Fljótsdalur, East Iceland

East Iceland's Fljótsdalur valley has a tradition of the aptrganga — the walking dead — documented in the sagas and in oral tradition continuing to the present. The dead who walk here are not passive; they kill and must be physically subdued.

The aptrganga — literally 'again-goer,' the one who goes again — is the Norse and Icelandic form of the revenant: the dead who walk. Unlike the modern zombie, the aptrganga is fully himself in death — retaining personality, purpose, and strength, but amplified. He is, in most accounts, stronger, harder to kill, and more deliberate than in life. Fljótsdalur in East Iceland has the densest saga-period documentation of aptrganga activity.
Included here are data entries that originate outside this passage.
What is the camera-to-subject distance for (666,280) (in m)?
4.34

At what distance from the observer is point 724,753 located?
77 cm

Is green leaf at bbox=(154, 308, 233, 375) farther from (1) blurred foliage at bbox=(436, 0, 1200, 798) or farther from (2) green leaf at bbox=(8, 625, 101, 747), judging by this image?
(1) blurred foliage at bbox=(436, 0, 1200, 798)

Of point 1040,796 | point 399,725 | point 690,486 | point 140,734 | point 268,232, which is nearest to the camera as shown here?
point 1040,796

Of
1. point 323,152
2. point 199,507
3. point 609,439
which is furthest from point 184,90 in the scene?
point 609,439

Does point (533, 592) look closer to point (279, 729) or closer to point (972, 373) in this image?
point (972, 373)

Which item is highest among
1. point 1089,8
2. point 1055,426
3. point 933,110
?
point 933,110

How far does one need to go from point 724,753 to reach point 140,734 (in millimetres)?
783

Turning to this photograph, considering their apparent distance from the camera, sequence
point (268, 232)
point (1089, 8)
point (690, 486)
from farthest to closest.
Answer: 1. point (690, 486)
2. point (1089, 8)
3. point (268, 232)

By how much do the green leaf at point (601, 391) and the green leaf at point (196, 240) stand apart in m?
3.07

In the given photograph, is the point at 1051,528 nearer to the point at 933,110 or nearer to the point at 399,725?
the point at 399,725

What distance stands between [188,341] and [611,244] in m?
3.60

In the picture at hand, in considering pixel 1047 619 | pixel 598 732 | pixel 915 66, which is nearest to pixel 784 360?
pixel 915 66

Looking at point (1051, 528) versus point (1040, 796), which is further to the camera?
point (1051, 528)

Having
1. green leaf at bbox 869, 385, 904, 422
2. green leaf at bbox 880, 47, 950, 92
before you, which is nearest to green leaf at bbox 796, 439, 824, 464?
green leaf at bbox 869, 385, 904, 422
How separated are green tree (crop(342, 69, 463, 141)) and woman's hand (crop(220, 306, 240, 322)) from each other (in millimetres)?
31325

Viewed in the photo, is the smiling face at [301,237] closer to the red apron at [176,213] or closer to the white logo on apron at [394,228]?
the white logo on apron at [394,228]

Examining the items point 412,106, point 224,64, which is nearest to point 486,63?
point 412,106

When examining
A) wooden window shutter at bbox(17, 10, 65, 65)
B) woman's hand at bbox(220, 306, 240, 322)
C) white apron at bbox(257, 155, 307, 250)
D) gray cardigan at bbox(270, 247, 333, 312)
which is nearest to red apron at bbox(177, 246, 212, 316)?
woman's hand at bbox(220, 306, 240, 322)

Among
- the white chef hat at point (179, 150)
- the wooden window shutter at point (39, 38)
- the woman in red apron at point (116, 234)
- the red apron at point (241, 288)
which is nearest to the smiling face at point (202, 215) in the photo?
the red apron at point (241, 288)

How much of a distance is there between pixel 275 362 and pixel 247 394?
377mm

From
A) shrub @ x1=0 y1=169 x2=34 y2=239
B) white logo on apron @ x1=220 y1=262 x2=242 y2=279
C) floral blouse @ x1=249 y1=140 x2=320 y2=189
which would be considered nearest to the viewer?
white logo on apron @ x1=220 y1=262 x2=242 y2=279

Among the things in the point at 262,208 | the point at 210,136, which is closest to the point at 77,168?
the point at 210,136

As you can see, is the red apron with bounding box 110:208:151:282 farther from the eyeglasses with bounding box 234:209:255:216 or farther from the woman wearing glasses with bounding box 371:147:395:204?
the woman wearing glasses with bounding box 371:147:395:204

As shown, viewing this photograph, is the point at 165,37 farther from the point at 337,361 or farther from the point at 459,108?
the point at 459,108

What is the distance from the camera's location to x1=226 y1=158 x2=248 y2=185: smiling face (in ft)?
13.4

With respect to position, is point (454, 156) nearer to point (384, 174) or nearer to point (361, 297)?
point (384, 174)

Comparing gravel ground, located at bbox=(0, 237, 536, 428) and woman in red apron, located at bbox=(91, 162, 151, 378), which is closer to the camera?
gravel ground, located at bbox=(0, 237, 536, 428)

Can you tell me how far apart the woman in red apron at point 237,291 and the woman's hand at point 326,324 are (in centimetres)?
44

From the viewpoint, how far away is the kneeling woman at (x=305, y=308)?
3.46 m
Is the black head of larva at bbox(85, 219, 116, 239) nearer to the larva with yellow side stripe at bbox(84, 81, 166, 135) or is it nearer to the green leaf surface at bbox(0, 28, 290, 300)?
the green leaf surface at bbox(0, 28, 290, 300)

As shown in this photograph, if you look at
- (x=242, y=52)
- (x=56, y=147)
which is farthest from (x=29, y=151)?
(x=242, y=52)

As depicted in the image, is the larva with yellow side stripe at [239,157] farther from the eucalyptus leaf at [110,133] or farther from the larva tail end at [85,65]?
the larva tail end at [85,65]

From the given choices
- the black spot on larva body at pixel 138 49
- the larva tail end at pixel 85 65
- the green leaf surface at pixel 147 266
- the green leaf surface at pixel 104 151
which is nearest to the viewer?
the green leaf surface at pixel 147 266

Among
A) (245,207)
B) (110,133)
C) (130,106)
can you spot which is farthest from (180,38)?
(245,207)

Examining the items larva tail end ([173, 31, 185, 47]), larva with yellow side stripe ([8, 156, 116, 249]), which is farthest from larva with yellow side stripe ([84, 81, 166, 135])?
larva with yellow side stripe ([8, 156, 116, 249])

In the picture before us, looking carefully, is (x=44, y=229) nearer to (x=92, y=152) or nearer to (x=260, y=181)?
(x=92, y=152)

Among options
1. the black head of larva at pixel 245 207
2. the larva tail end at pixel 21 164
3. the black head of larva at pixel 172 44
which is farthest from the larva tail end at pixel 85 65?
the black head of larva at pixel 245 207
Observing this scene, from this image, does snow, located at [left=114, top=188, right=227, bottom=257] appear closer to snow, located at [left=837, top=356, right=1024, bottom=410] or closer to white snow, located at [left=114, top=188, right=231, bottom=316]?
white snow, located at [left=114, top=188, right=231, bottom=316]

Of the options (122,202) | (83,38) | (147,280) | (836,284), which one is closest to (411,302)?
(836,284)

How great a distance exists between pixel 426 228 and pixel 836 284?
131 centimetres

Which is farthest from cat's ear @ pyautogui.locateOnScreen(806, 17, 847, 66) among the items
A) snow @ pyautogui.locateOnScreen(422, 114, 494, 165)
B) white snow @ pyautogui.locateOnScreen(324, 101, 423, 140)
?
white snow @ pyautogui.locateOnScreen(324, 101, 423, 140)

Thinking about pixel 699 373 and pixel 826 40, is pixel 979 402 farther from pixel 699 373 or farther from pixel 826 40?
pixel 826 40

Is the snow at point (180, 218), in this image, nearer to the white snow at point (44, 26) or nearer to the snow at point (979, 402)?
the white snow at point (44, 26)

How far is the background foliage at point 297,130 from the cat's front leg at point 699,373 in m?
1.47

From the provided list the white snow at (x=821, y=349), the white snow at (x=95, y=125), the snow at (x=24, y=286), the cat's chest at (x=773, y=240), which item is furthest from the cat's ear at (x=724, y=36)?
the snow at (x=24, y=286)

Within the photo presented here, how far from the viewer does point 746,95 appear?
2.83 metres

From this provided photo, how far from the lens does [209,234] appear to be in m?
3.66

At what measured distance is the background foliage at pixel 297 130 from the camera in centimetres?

The 10th century sagas that involve the area describe multiple cases of the walking dead — most extensively in Eyrbyggja saga, which gives a detailed account of a haunting at the farm of Fróðá that lasted a full winter and killed multiple people. The method of stopping an aptrganga is specific and physical: you cannot simply pray them to rest. You must exhume the body, decapitate it, and burn it separately from the trunk. The ashes must be scattered in the sea or a river — not on land where they can reassemble. Several sagas describe the aptrganga fighting back during the exhumation. The oral tradition in East Iceland treats the aptrganga as historical fact rather than legend. Farmsteads in the valley have specific traditions about particular draugar — their own version of the word — that had to be dealt with in specific centuries. The methods are described in detail that suggests practical experience. The last documented East Iceland aptrganga case in the oral tradition dates from approximately 1850.